MicroDSA: Data Structures and Algorithms
Data structures and algorithms represent the core fundamentals of computer science and software design. Below is a minimal reference for a refresher on the topic.
Data Structures
Bits
- Bitwise AND (‘&’): Takes two numbers as operands and does an AND operation on every bit of the two numbers.
- Bitwise OR (‘|’): Takes two numbers as operands and does an OR operation on every bit of the two numbers.
- Bitwise XOR (‘^’): Takes two numbers as operands and does an XOR operation on every bit of the two numbers.
- Bitwise NOT (‘~’): Takes one number as an operand and inverts all the bits of its binary representation.
- Left Shift (‘«’): Takes two numbers as operands and shifts the bits of the first operand to the left by the number of positions given by the second operand. New bits on the right side are filled with zeros.

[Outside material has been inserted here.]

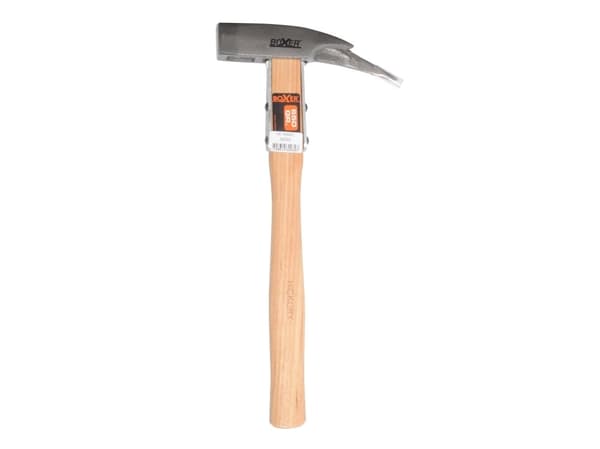 BOXER regelhammare 650 g - träskaft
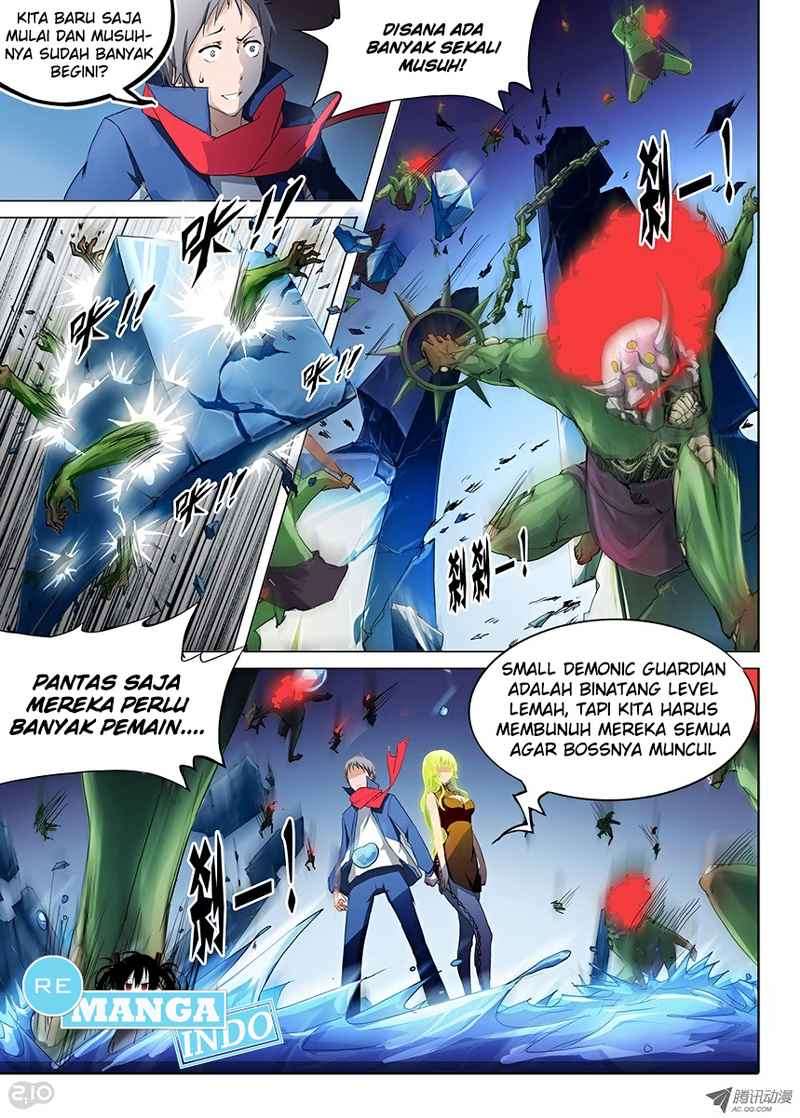 Yin Zhi Shoumuren Chapter 27 - halaman 3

- Right Shift (‘»’): Takes two numbers as operands and shifts the bits of the first operand to the right by the number of positions given by the second operand.
Arrays
- Access: O(1)
- Update: O(1)
- Traverse: O(n) Time, O(1) Space
- Insert Beginning: O(n)
- Insert Middle: O(n)
- Insert End:
- Dynamic Array: O(1)
- Static Array: O(n)
- Remove Beginning: O(n)
- Remove Middle: O(n)
- Remove End: O(1)
- Copy Array: O(n)
Stacks and Queues
Stacks
- LIFO (Last In, First Out)
- Push: O(1)
- Pop: O(1)
- Peek: O(1)
- isEmpty: O(1)
- Search: O(n)
- Data Structures: Singly Linked List
- Examples: Stack of Books on Table
Queue
- FIFO (First In, First Out)
- Enqueuing: O(1)
- Dequeuing: O(1)
- Peek: O(1)
- isEmpty: O(1)
- Search: O(n)
- Data Structures: Doubly Linked List
- Examples: Line of People
Strings
- Traverse: O(n) Time & O(1) Space
- Copy: O(n)
- Get: O(1)
- Note: In most programming languages (C++ exception), strings are immutable = can’t be edited after creation: newString += character is O(n^2) each addition creates an entirely new string
Hash Tables
- Insert: O(1)
- Remove: O(1)
- Search: O(1)
- Data Structures: Dynamic Array of Linked Lists
Linked Lists
- Access Head: O(1)
- Access Tail: O(n) (O(1) for Doubly Linked List)
- Access Middle: O(n)
- Insert/Remove Head: O(1)
- Insert/Remove Tail: O(n) to access + O(1) (with O(1) for doubly linked list)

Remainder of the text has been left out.